Comment by cookiecaper
10 years ago
This is a cute fantasy but it's wrong on multiple fronts. First, incorporation does not protect directors from tort liability. If you can't invoke respondeat superior, it's somewhat likely that you'll be personally liable for any tort claims. Your LLC won't shield you, and you'll be liable for infringement damages.
Second, corporations have teams of lawyers whose whole job is to find marginal infringements of their IP and pursue said infringers. It doesn't matter that it's going to cost the company more money than it's worth in your particular instance. What matters is that the company establishes a reputation for mercilessly pursuing infringers, because such a reputation deters further infringement, and because it precludes the possibility of someone claiming that the work was abandoned or no longer of interest (which doesn't negate copyright infringement claims, but could limit damages; it potentially could negate trademark claims).
Do not fool yourself into believing that your small-time operation won't raise the attention of big corporate lawyers.

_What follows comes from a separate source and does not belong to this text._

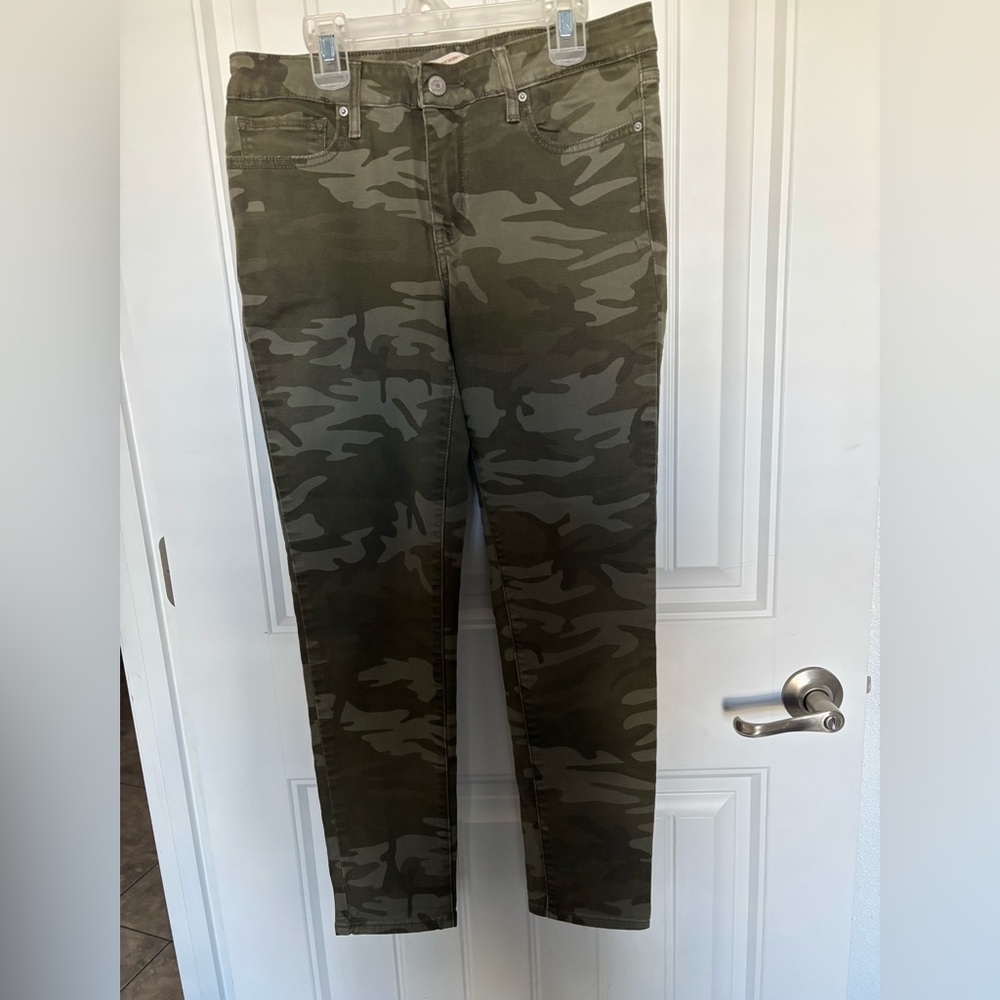 Levi’s 711 camo skinny jeans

For the extra cherry on top, note that if you do raise the notice of big corporate lawyers, you'll be forced to comply no matter how wrong they are, since they'll pursue every strategy to make the legal fight as long and expensive as humanly possible and you'll eventually have to settle unless you already have $5 million+ sitting around with your lawyers' name on it.
Uzi Nissan, rightful owner of nissan.com, spent 9 years and approximately 3 million dollars defending against Nissan's attempt to wrest his domain from him, and they're still trying to get at him by filing frivolous trademarks. [0]
That is the MO of big corporate law. They absolutely can and will use their larger position to bully you, and you don't really have the option to take the dispute to court if you aren't pulling in tens of millions in annual revenue.
The Walt Disney Company famously sent a C&D to a day care in Florida [1] for having unlicensed representations of their characters painted on the walls.
IANAL and everything I said is probably wrong.
I agree with everything you said (and have made the same sort of point on many threads about the strategic imperative for corporations to pick such facially unfair fights). But what's sauce for the goose is sauce for the gander - it's not that hard to obscure the beneficial ownership of a company, and setting up an SPV whose only purpose is to be towed out to sea and sunk (so to speak) is a well-established corporate strategy. Yes, it's a risky strategy, but only by employing such strategies can people respond to the inequitable business practices of large corporations.
In the case of mr Nissan, if he wins doesn't he get his legal costs back? (I know it's a huge hassle anyway, but better than nothing)
He addressed this at the end of the posted timeline. He was awarded $58k in legal fees, which he calls "less than 2%" of the total cost of the defense (this is where the $3 million cost estimate is calculated from, which is aligned with the expense of similar cases that I'm familiar with).